● Records for the exercise:
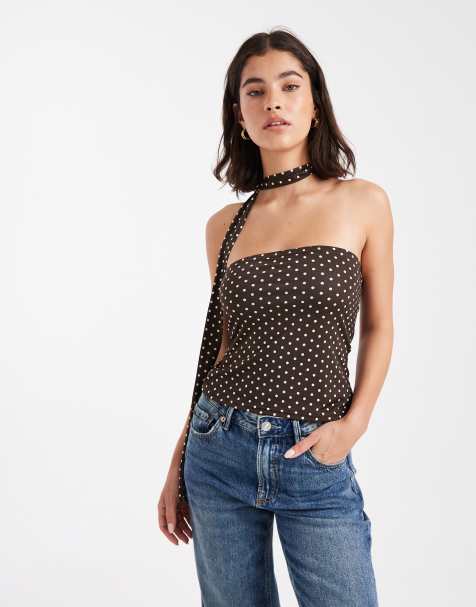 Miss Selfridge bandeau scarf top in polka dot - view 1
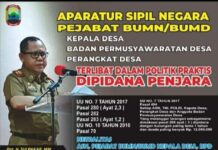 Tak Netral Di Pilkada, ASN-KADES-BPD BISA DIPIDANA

...

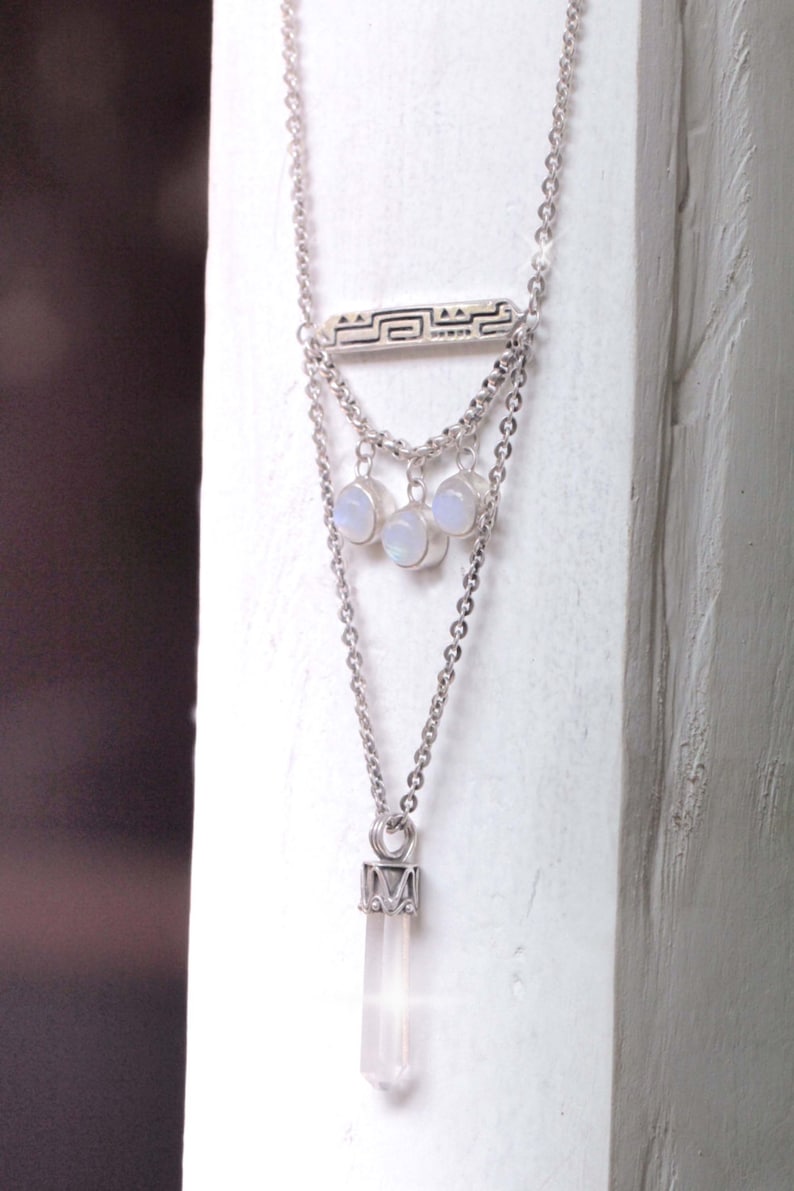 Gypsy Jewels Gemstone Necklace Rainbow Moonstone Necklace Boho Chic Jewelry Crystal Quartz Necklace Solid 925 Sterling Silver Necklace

--

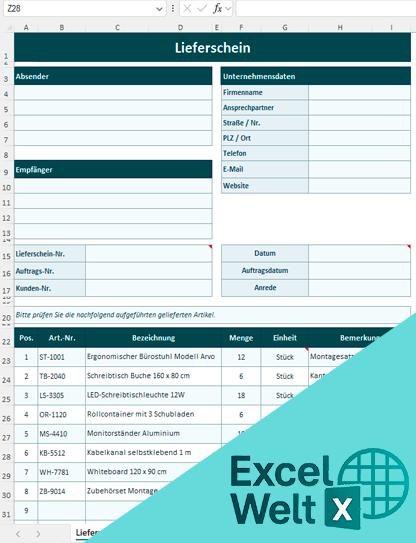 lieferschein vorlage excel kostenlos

● Work task:
Using the records above, repeat exactly the run of lines that starts with the line with "Miss Selfridge bandeau" and goes on through the line with "Tak Netral Di"; omit each picture.

● Response:
 Miss Selfridge bandeau scarf top in polka dot - view 1
 Tak Netral Di Pilkada, ASN-KADES-BPD BISA DIPIDANA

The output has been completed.